I stare at the spreadsheets on my monitor, but the numbers refuse to make sense. My mind keeps drifting back to the smudge of dirt I wiped from Aria’s cheek this morning. I suspect she’s trying to contact her sister, but the confirmation sits like lead in my stomach. The DeLuca twins are digging into their past—the very past my family buried in blood decades ago.
I rub my temples, feeling the onset of a migraine. The ledgers show a healthy profit margin across all our legitimate businesses, but I can’t focus on them. Not when my wife is sneaking out in the dead of night, risking everything—her safety, perhaps even her life—for answers I pray she never finds.
“I’m more than just your wife,” she had said, her chin tilted in that stubborn angle I find both infuriating and endearing. “I’m a DeLuca.”
If only she knew what that name means to my family. What it means to bear that name in a world where Bianchis still rule.
My phone buzzes with a security alert. Someone has entered the main gate. I tap the screen to bring up the camera feed, my body tensing as I recognize the sleek black Bentley winding its way up the driveway.
My father.
I stand, buttoning my jacket, feeling the turmoil churning beneath my composed exterior. I straighten my desk, close the ledgers, and clear my screen. Then I wait.
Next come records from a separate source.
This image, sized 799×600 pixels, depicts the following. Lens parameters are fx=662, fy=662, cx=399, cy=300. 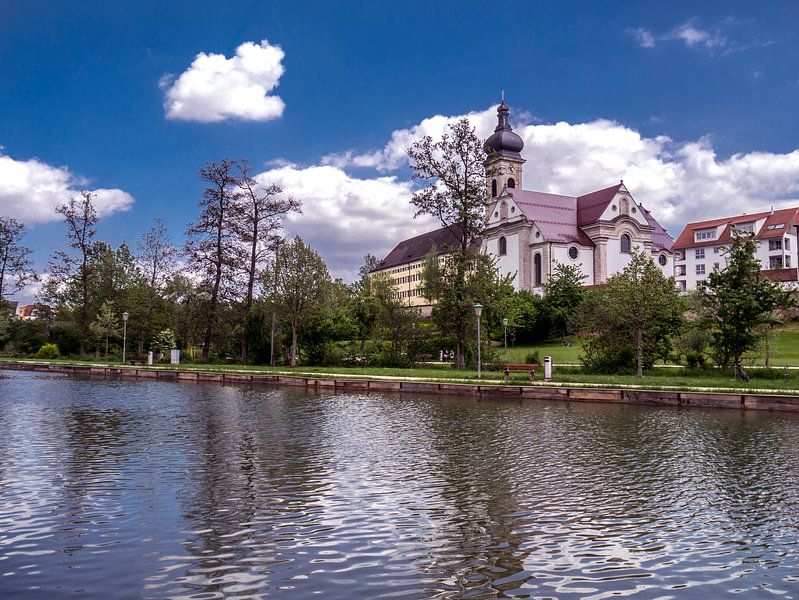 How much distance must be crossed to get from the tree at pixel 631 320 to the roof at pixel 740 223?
59.3 meters

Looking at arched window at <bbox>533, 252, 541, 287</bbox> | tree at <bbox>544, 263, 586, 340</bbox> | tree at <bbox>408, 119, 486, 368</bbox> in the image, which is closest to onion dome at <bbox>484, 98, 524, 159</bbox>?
arched window at <bbox>533, 252, 541, 287</bbox>

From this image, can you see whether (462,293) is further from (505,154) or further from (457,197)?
(505,154)

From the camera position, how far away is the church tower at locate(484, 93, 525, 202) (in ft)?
355

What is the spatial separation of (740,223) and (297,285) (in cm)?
7420

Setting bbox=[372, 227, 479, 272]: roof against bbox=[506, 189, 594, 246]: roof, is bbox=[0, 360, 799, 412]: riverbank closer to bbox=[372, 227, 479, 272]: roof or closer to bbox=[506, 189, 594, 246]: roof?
bbox=[506, 189, 594, 246]: roof

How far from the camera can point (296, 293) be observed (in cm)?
4403

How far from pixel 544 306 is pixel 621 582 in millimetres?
59644

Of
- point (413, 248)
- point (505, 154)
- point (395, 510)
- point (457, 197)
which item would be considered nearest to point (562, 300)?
point (457, 197)

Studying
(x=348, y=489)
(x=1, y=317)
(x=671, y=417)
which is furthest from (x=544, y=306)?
(x=348, y=489)

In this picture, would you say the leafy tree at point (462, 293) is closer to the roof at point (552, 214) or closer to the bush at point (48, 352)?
the bush at point (48, 352)

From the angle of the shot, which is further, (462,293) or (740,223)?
(740,223)

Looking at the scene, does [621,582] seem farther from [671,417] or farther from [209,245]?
[209,245]

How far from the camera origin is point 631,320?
31016mm

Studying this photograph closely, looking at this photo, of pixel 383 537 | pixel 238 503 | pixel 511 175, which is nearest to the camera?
pixel 383 537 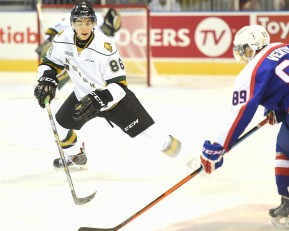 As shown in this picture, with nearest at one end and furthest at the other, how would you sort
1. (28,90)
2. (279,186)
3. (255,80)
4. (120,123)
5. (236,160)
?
1. (255,80)
2. (279,186)
3. (120,123)
4. (236,160)
5. (28,90)

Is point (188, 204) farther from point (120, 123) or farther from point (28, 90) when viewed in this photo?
point (28, 90)

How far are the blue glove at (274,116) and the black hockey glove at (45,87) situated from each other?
1.21 metres

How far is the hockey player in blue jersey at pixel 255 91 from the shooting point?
115 inches

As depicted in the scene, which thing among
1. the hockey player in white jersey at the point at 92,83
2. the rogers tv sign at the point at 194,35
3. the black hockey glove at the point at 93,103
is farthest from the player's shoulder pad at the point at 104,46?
the rogers tv sign at the point at 194,35

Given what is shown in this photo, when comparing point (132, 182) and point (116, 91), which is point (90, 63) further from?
point (132, 182)

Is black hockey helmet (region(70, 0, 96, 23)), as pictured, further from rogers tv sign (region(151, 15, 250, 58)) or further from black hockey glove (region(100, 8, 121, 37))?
rogers tv sign (region(151, 15, 250, 58))

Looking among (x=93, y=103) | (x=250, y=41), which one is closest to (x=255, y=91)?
(x=250, y=41)

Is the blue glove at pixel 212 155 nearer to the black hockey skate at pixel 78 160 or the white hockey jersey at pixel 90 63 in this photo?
the white hockey jersey at pixel 90 63

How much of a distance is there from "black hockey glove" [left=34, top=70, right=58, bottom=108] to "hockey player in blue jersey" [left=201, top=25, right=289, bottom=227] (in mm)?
1218

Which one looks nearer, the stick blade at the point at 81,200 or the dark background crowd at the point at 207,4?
the stick blade at the point at 81,200

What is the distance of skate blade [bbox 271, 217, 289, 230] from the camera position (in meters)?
3.23

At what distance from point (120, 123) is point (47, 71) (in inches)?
18.9

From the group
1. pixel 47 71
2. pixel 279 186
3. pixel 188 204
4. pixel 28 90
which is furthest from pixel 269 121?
pixel 28 90

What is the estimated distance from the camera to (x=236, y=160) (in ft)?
15.3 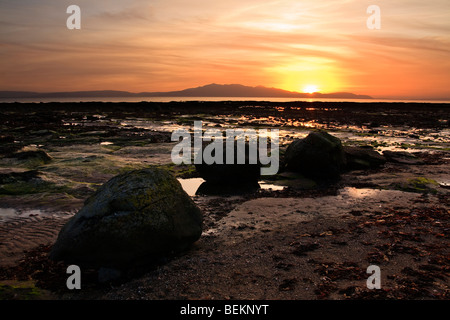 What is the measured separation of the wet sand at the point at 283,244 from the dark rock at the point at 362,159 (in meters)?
1.75

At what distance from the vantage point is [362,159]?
16281 millimetres

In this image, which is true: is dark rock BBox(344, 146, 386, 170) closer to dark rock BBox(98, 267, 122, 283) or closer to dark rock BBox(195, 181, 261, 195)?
dark rock BBox(195, 181, 261, 195)

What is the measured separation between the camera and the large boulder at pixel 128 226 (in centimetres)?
617

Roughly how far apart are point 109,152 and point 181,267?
15021 millimetres

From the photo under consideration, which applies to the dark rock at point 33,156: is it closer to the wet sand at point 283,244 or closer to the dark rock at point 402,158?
the wet sand at point 283,244

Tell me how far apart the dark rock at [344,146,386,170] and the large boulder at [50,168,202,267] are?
1106 centimetres

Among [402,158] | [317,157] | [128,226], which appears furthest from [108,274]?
[402,158]

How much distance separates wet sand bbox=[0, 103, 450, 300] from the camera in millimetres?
5625

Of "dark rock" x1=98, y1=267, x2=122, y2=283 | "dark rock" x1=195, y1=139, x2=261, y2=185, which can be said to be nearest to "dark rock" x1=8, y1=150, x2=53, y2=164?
"dark rock" x1=195, y1=139, x2=261, y2=185

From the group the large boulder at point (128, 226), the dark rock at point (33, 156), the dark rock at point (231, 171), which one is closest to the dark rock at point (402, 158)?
the dark rock at point (231, 171)

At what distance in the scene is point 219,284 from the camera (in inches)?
229

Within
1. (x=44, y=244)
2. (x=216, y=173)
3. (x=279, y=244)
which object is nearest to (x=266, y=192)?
(x=216, y=173)

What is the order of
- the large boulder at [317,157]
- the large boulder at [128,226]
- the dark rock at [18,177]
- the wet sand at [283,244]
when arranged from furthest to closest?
1. the large boulder at [317,157]
2. the dark rock at [18,177]
3. the large boulder at [128,226]
4. the wet sand at [283,244]

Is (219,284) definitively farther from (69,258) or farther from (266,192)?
(266,192)
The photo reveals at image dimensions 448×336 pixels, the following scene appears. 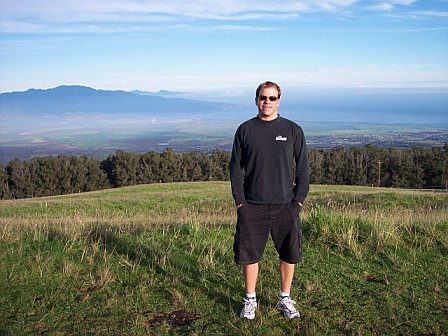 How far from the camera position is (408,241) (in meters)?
5.98

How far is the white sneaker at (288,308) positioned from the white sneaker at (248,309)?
252 millimetres

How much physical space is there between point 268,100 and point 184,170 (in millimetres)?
51454

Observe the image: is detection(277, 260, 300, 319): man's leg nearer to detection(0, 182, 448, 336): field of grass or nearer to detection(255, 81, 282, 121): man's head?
detection(0, 182, 448, 336): field of grass

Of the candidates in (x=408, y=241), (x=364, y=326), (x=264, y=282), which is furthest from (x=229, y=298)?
(x=408, y=241)

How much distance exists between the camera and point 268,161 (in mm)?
3748

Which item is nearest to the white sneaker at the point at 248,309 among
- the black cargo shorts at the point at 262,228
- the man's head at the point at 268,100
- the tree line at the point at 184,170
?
the black cargo shorts at the point at 262,228

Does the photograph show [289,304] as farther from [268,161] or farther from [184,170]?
[184,170]

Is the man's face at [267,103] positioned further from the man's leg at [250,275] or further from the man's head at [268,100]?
the man's leg at [250,275]

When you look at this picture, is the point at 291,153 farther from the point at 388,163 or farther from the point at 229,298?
the point at 388,163

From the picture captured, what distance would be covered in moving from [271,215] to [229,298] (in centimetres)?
107

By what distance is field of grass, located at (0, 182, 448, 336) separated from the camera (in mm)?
3719

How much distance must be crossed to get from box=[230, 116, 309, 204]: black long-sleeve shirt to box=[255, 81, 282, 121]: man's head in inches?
2.7

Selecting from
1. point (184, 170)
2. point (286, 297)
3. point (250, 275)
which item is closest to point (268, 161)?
point (250, 275)

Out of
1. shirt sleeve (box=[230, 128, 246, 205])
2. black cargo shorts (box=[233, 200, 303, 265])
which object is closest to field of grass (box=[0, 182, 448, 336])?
black cargo shorts (box=[233, 200, 303, 265]) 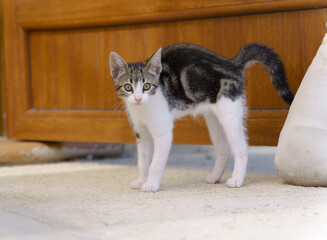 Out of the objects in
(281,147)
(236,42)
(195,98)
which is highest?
(236,42)

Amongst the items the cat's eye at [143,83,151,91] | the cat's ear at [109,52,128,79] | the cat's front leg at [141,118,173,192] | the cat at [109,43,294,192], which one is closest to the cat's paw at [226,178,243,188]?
the cat at [109,43,294,192]

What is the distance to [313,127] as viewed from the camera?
1.94m

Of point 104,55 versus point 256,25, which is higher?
point 256,25

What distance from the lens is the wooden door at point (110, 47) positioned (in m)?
2.46

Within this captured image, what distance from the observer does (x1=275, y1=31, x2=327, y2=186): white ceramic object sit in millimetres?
1911

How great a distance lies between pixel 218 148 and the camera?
2.31 m

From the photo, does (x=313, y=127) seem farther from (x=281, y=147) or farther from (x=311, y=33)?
(x=311, y=33)

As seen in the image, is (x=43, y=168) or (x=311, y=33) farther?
(x=43, y=168)

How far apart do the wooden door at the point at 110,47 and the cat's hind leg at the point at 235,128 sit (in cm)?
46

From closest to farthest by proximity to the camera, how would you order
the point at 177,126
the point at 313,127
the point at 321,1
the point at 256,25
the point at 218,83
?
the point at 313,127 < the point at 218,83 < the point at 321,1 < the point at 256,25 < the point at 177,126

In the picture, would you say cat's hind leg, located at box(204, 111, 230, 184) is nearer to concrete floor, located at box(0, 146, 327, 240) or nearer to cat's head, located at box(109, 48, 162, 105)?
concrete floor, located at box(0, 146, 327, 240)

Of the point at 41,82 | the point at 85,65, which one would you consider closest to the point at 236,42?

Two minutes later, the door to my office swings open without a knock. My father strides in like he has a right to me whenever he wants, however he wants. It’s his little way of showing me exactly who is in charge.
At sixty-three, Salvatore hasn’t lost an ounce of the intimidating presence that cemented the Bianchi family’s position at the top of the criminal world’s hierarchy. His eyes—the same deep green as mine—meet mine instantly.
“Marco,” he says, his voice carrying the slight rasp of decades of expensive cigars.
“Father. This is unexpected.” I gesture to the chair across from my desk, but he remains standing, forcing me to come around and greet him properly.
We embrace briefly, the practiced formality we’ve always had.
“A son should always expect his father,” Father replies with a thin smile. “Especially when that son has been missing important family meetings.”
I keep my face neutral. “I’ve had Gianelli handling the minor operations. The quarterly numbers are up fifteen percent.”
“I didn’t come to discuss numbers.” Father finally takes a seat, unbuttoning his jacket with practiced elegance. “I came to discuss rumors.”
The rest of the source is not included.